Welcome Speech by Professor Frank H Shu
Chairman of Board of Adjudicators
Welcome to the sixteenth annual Shaw Prize Award Presentation Ceremony. In 2002 Sir Run Run Shaw and Mrs Mona Shaw established the Shaw Prize to honour scientists in the fields of Astronomy, Life Science and Medicine, and Mathematical Sciences. The inaugural Award Ceremony took place in 2004. In the ensuing years, the Shaw’s entrepreneurship and philanthropy inspired the quest for knowledge, highlighted outstanding achievements, and became a major force for progress in the world.
Despite the passing of Mr Shaw in 2014 and Mrs Shaw in 2017, the memory of their dedicated purpose and energy continues to inspire Council Members to carry on the founding vision of Mr and Mrs Shaw. Under the direction of the Shaw Prize Foundation, future generations will continue to broaden the Shaw family’s program of advancing knowledge through scientific discoveries, thus strengthening and enhancing the aims of the Shaw Prize.
Tonight, we honour three scientists in the designated fields for their distinguished contributions. They are Professor Edward Stone in Astronomy; Professor Maria Jasin in Life Science and Medicine; and Professor Michel Talagrand in Mathematical Sciences.

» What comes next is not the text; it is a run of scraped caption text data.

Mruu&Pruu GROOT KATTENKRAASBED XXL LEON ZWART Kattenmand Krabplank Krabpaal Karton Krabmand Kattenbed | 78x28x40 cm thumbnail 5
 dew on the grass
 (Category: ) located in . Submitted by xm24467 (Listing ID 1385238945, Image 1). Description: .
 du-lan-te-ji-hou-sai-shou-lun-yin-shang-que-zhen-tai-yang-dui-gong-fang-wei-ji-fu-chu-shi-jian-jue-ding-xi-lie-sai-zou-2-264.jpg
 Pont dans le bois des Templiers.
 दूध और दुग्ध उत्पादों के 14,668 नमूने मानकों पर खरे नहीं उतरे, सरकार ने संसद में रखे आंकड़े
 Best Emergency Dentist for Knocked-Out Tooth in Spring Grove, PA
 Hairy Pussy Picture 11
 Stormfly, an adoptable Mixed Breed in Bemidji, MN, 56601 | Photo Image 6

Speech by Professor Reinhard Genzel
Chairman of Astronomy Selection Committee
One of the longstanding dreams of humanity has been to explore our Solar System by space travel. In his 1865 novel ‘De la terre à la lune’ Jules Verne told the story of members of a “Baltimore Gun Club” building a huge cannon to shoot a projectile with three of the Club’s members onboard, for a trip to and landing on the Moon. About one century later, the USA-Soviet space race of the 1960s turned this dream into reality by developing the necessary technology and providing the resources for such ambitious endeavors. One of the great highlights of this period was the manned lunar landing of Apollo 11 in 1969.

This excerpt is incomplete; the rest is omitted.